Cet article a été rédigé par Joëlle Girard, étudiante au baccalauréat en communication politique de l’UQAM et stagiaire en communication auprès de Génération d’idées. Tout cela dans le simple but de provoquer chez vous une réflexion.
Réduire le nombre d’étudiants par classe au niveau primaire d’ici 2012, atteindre un taux de diplomation de 80 % chez les jeunes de moins de 20 ans d’ici 2020, mettre les garderies en réseaux avec les écoles primaires pour mieux encadrer les enfants susceptibles de décrocher, accorder une attention particulière aux milieux défavorisés en limitant le nombre d’étudiants à 20 par classe, contrairement à 26 dans les autres secteurs; voilà les mesures que propose le gouvernement Charest afin de réduire le décrochage scolaire. Tout cela, en plus du comité de vigie mis sur pied pour évaluer les résultats du plan, de la participation active des commissions scolaires et de la campagne publicitaire soulignant l’importance de l’éducation dont les porte-paroles seront Céline Dion et Kent Nagano.

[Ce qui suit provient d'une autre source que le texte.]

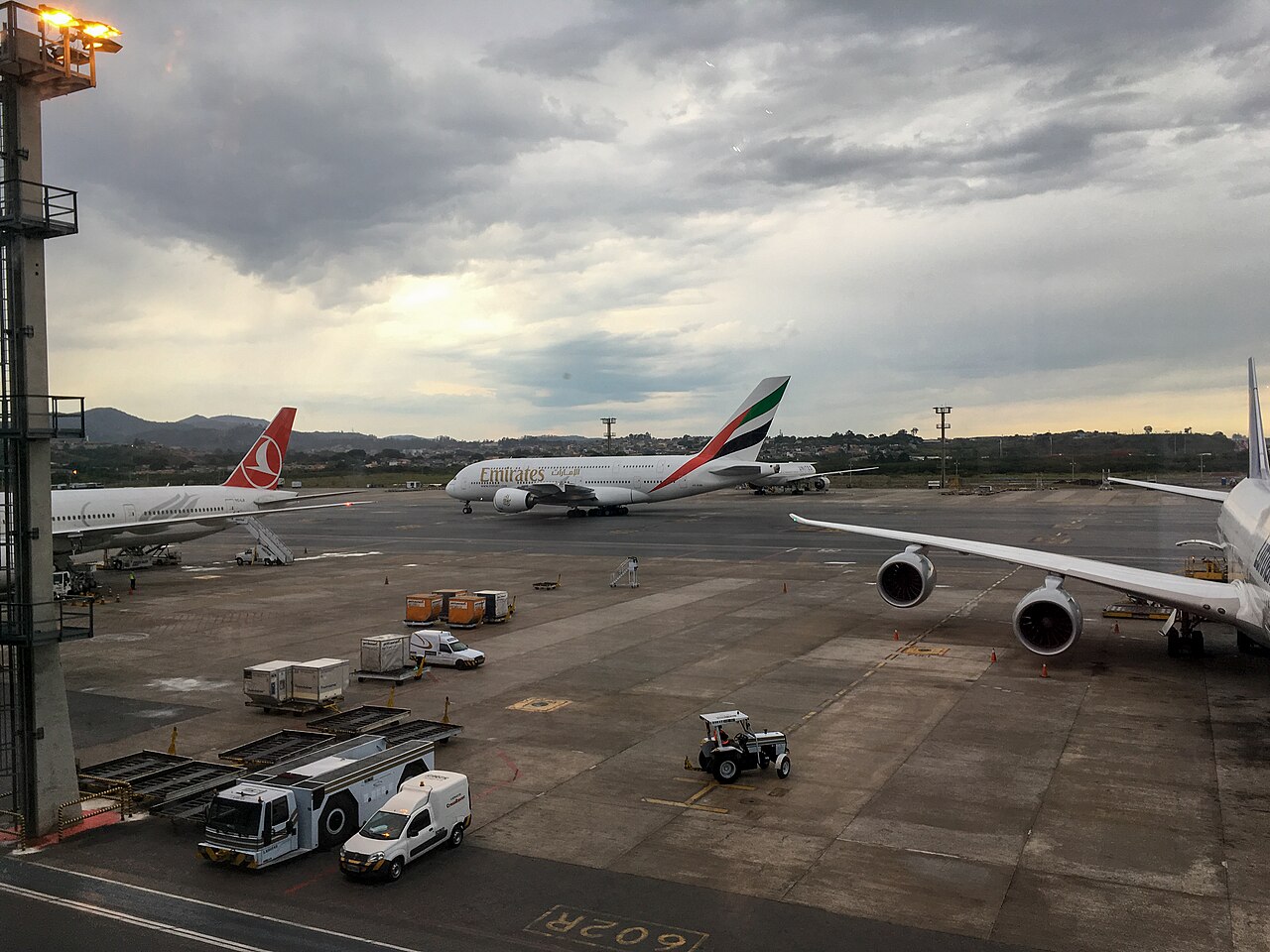 The view from inside of São Paulo's international terminal. There are three parked aircraft and a few parked vehicles. The sky is both cloudy and blue. 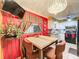 Dining area with a red accent wall and a chandelier, next to the kitchen at 316 Amanda Ln, Leesburg, FL 34748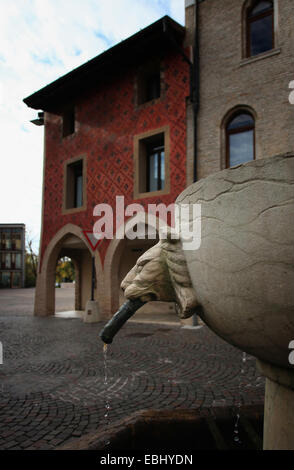 Brunnen mit Löwenkopf vor ein gotisches Gebäude mit voller Fresken verzierte Fassade. Alte Stadt von Pordenone. Italien. Stockfoto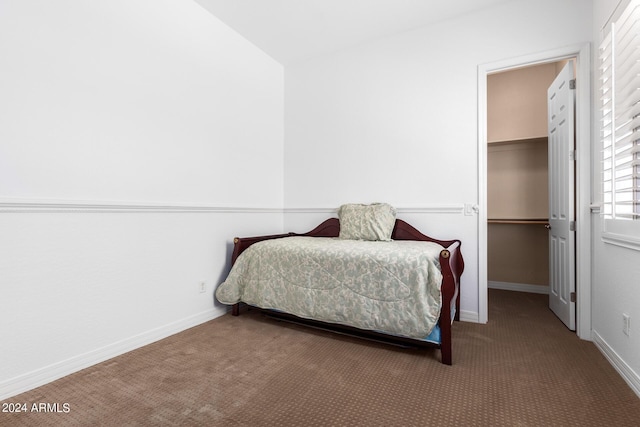 9845 E Inglewood St, Mesa, AZ 85207 - carpeted bedroom featuring baseboards, a walk in closet, and a closet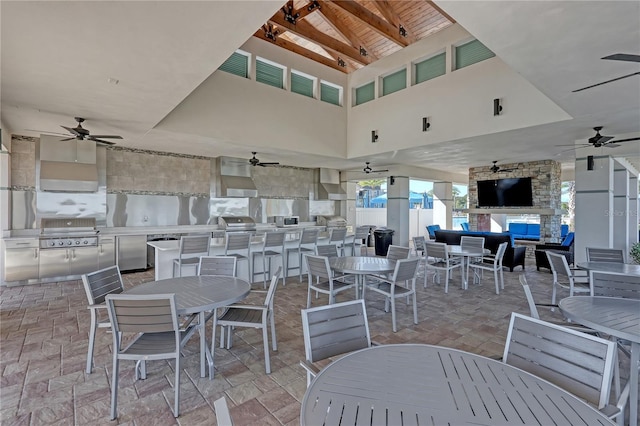 view of patio featuring exterior kitchen, ceiling fan, a stone fireplace, and area for grilling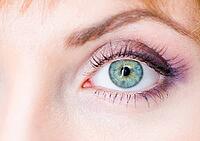 Closeup view of a beautiful female eye with make-up [IBR124906373]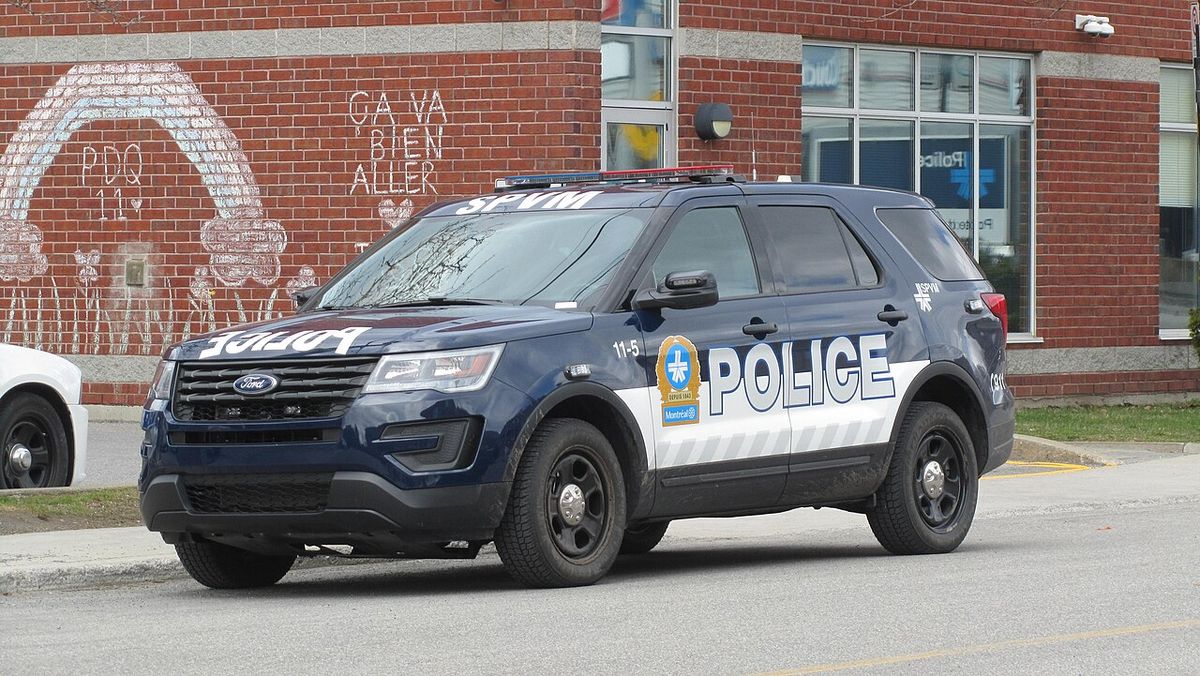 A Montreal police Ford Explorer SUV from the Service de Police de Montréal parked besides station 11 on Somerled street. Behind is a message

Jacques Ménard, dont le rapport présenté en mars dernier à inspiré considérablement la ministre Courchesne, ainsi que la Fédération des commissions scolaires du Québec (FCSQ), accueillent favorablement le plan du gouvernement. Pourtant, les syndicats des enseignants et des professionnels de l’éducation, les partis d’opposition, tout comme les directions d’établissement d’enseignement se disent insatisfaits.
Selon Réjean Parent de la Centrale des syndicats du Québec, «le vrai chantier, [c’est] celui de l’égalité des chances[1]». En diminuant le nombre d’élèves par classe, le gouvernement fait preuve d’une certaine initiative, mais il ne s’attaque toujours pas à ce qu’il identifie lui-même comme la racine du mal, la pauvreté. Selon l’ADQ, le problème, c’est le manque de professeurs. Pour d’autres, c’est la trop grande centralisation et le manque d’outils pour les gens «de terrain». Malgré de bonnes intentions, pour plusieurs les actions concrètes semblent trop rares dans ce que le gouvernement Charest appelle sa «stratégie d’action visant la persévérance et la réussite scolaire».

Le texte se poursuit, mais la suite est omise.